Dysfunctional families are usually fodder for comedies but this winner of Un Certain Regard at Cannes is something different (and darker) altogether. What if you could raise your children in complete isolation from the world, what kind of people would they become? That's the question posed by Dogtooth, a totally original and enthralling drama.
They don't have names, just simply Eldest (Papoulia), Son (Hristos Passalis) and Youngest (Tsoni) - three children of Father (Stergioglou) and Mother (Michelle Valley), a misguided Greek couple who have raised their children without influence from the outside world. Their education has been an odd one: the phone is salt, the sea is an armchair, cats are deadly creatures, Frank Sinatra is their grandfather, and they can only leave the house and grounds when their 'dogteeth' have fallen out. Despite being in their late teens and early twenties, the children are essentially infants and incapable of fending for themselves. Christina (Anna Kalaitzidou), a security guard at Father's plant, is the only outsider allowed in (her job is to service Son's sexual needs) but her intrusion has drastic consequences...
Why are they doing this? That's the question that keeps popping up. One of the rare scenes outside the fenced-off compound that lies deep in the Greek countryside hints at an answer: a dog trainer tells Father that his goal is to teach dogs how to behave, how to respect and how to obey. Is this a political film - keep people stupid and they're easy to rule? Or is it a slap in the face of controlling parents who involve themselves in every facet of their children's lives? The beauty of Dogtooth is that it can be both or neither. Regardless of the message, this is an engrossing film. It flips everything - for the most part dramas place extraordinary situations on ordinary people; this one follows an extraordinary family who find themselves battling everyday life.

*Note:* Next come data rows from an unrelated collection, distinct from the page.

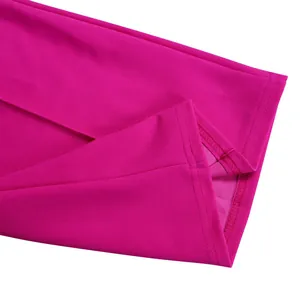 Close-up view of the neatly stitched hemline on a vibrant fuchsia wide-leg jumpsuit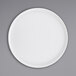 A white Cal-Mil melamine plate with a low circular rim.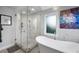 Luxurious bathroom with a glass shower enclosure and standalone tub, showcasing modern design at 5125 Turnberry Ln, Las Vegas, NV 89113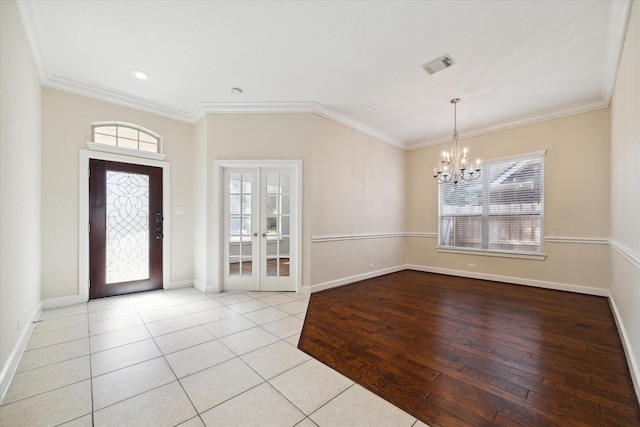 tiled foyer with visible vents, baseboards, ornamental molding, french doors, and an inviting chandelier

With the theme, the dialogue, the performances and the direction all singing from the same hymn sheet, Dogtooth is a film that continually feeds itself. Because the story is odd and off beam, the direction mirrors this: Lanthimos' camera sometimes cuts the heads off his actors, or he shoots them half out of frame. Everything going on behind the camera suggests that everything is wrong in front of it. Bar some brief and unexpected outbursts of violence, the performances, just like the lives of the characters, are ordered and structured - almost robotic. An always interesting and unsettling film, Dogtooth is powerful stuff.